* [WHAT TO PRODUCE]
All lines from the opening of the entries below through the line containing "Perle in Legno" must be output exactly as they appear, with no other lines.

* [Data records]
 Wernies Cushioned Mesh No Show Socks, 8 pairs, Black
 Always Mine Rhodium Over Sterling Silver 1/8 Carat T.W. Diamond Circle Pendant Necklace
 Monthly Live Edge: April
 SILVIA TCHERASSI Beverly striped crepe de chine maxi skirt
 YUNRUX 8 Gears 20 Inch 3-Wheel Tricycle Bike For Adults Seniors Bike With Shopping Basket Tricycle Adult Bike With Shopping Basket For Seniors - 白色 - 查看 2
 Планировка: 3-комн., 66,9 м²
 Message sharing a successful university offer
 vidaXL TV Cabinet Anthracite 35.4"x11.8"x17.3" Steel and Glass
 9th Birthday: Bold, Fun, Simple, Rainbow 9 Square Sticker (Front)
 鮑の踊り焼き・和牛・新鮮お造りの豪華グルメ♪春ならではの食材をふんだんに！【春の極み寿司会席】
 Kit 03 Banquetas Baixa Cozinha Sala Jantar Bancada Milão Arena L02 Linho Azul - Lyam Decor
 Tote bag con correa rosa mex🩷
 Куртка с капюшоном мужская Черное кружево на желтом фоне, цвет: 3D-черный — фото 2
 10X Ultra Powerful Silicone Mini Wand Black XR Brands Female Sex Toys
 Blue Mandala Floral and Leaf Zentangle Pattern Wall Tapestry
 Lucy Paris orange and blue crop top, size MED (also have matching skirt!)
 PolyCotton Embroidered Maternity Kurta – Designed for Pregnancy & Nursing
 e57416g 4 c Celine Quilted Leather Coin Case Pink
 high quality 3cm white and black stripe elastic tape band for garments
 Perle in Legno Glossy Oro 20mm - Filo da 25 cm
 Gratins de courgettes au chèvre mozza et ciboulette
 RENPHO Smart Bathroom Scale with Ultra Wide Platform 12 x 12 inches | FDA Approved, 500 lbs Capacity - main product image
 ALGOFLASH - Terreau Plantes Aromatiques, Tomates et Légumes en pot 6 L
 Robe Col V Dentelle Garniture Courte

* [TASK RESPONSE]
 Wernies Cushioned Mesh No Show Socks, 8 pairs, Black
 Always Mine Rhodium Over Sterling Silver 1/8 Carat T.W. Diamond Circle Pendant Necklace
 Monthly Live Edge: April
 SILVIA TCHERASSI Beverly striped crepe de chine maxi skirt
 YUNRUX 8 Gears 20 Inch 3-Wheel Tricycle Bike For Adults Seniors Bike With Shopping Basket Tricycle Adult Bike With Shopping Basket For Seniors - 白色 - 查看 2
 Планировка: 3-комн., 66,9 м²
 Message sharing a successful university offer
 vidaXL TV Cabinet Anthracite 35.4"x11.8"x17.3" Steel and Glass
 9th Birthday: Bold, Fun, Simple, Rainbow 9 Square Sticker (Front)
 鮑の踊り焼き・和牛・新鮮お造りの豪華グルメ♪春ならではの食材をふんだんに！【春の極み寿司会席】
 Kit 03 Banquetas Baixa Cozinha Sala Jantar Bancada Milão Arena L02 Linho Azul - Lyam Decor
 Tote bag con correa rosa mex🩷
 Куртка с капюшоном мужская Черное кружево на желтом фоне, цвет: 3D-черный — фото 2
 10X Ultra Powerful Silicone Mini Wand Black XR Brands Female Sex Toys
 Blue Mandala Floral and Leaf Zentangle Pattern Wall Tapestry
 Lucy Paris orange and blue crop top, size MED (also have matching skirt!)
 PolyCotton Embroidered Maternity Kurta – Designed for Pregnancy & Nursing
 e57416g 4 c Celine Quilted Leather Coin Case Pink
 high quality 3cm white and black stripe elastic tape band for garments
 Perle in Legno Glossy Oro 20mm - Filo da 25 cm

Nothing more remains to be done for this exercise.